Francis opte pour une réponse voilée.

« Tu l'as trompée ?

— C'est un peu ça.

— Tu l'as trompée ou tu ne l'as pas trompée ? Un peu, cela signifie quoi ?

— J'ai déconné. Je reconnais. »

La réalité se met en place peu à peu, entre les confidences de Francis et les propos extérieurs glanés auprès de langues qui se délient. En province, tout se sait.

« Je n'ai supporté ni la séparation ni le divorce. Je me suis rendu compte, à ce moment-là, que je l'aimais, que je la perdais ainsi que mes enfants et cette vie de famille à laquelle j'étais attachée sans le savoir. Alors je me suis mis à déprimer et à boire. Elle m'a puni, par l'argent et par l'absence. Elle a dressé les garçons contre moi, pour se venger. Elle m'a fait payer cher mes quelques dérives féminines. Elle n'a eu de cesse de me pourrir la vie avec son avocat. Elle a tiré le maximum d'argent de cette situation.

— Elle s'est vengée peut-être parce qu'elle souffrait. Peut-être se sentait-elle humiliée. Qu'est-ce que tu sais du fonctionnement d'une femme trompée ? Où en êtes-vous aujourd'hui ?
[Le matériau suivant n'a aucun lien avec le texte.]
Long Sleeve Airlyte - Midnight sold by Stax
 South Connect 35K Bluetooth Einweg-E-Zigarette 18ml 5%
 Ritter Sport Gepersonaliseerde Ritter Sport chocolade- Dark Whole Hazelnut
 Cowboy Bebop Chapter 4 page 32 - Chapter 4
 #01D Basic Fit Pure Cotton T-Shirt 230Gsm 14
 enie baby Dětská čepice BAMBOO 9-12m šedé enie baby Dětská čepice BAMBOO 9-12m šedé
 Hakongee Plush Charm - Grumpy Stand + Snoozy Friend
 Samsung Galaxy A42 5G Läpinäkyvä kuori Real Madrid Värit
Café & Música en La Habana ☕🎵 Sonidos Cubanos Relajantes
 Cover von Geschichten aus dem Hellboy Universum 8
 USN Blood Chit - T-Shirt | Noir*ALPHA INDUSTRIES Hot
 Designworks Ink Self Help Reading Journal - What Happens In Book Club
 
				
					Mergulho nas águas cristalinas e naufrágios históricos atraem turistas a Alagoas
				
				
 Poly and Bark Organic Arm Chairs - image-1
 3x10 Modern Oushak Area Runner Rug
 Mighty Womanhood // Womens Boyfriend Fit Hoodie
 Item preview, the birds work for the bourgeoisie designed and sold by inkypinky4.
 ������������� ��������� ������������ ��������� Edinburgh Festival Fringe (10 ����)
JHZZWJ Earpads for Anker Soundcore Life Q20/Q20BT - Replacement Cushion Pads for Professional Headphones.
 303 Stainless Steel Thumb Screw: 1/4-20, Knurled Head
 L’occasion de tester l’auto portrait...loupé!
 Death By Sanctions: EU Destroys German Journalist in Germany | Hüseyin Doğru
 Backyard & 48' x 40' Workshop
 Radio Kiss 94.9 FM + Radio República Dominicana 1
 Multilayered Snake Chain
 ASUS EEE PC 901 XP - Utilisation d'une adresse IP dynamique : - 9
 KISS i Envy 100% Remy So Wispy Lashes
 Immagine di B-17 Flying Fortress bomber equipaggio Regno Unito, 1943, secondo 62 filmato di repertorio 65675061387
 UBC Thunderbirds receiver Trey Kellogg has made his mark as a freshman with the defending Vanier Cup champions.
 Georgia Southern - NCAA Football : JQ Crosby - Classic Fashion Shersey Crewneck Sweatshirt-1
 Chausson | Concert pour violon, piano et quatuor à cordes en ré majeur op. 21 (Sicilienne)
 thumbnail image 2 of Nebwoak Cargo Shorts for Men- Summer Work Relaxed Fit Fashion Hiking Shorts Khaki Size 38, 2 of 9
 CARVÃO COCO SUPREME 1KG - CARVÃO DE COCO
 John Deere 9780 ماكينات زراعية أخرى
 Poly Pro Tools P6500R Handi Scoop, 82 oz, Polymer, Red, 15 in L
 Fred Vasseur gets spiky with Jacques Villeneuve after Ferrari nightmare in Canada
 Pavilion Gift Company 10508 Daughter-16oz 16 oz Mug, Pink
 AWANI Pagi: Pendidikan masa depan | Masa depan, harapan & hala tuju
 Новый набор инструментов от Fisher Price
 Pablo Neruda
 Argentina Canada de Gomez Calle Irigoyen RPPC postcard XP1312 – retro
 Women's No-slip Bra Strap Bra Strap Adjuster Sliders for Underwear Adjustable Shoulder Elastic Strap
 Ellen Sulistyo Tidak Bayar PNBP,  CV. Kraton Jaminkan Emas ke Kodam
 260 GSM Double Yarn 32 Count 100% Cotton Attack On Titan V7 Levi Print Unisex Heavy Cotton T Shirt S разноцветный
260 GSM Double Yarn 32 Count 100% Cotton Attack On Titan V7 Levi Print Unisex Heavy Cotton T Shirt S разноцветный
— La détestation réciproque.

— Les garçons ?

— Je les prends quelques week-ends et certaines vacances scolaires, à Rognes dans ma maison de campagne, parce qu'ils aiment ce lieu. Et je me rends compte qu'elle leur raconte des horreurs sur moi. Qu'il me faut constamment rétablir une vérité. C'est épuisant. Difficile. De plus, j'ai l'impression d'être une planche à billets pour eux et ça me fait mal. »

 

Le prince charmant est humain. Tout simplement humain. Tout n'est pas rose dans son château ! Physiquement, il reste mon prince de quarante-cinq ans que les étudiantes en droit regardent dans leur collimateur de séductrices.

La partie n'est pas aisée. Je sens bien que dans ce milieu provincial bourgeois, il y a des réticences à mon égard et par rapport à notre situation de couple illégitime. Ils se posent la question :

« Qui est-elle ? D'où sort-elle ? On ne la connaît pas sur la place. De qui est-elle la fille ? De qui était-elle la femme ? Divorcée et avec une enfant. »

Je cumule les handicaps d'intégration. Je tente de ne pas être atteinte par le mépris qui se glisse dans leurs propos lorsqu'ils s'adressent à moi. Je joue l'humour pour éloigner la peine que je ressens. Je bouillonne et en même temps j'aimerais que l'on m'aime sans se poser de question, parce que c'est moi. J'irai bien jusqu'au sarcasme mais je me retiens pour Francis. J'opte pour un regard amusé ou narquois. Leur jeu est moins beau du coup. Ils sont pris en défaut.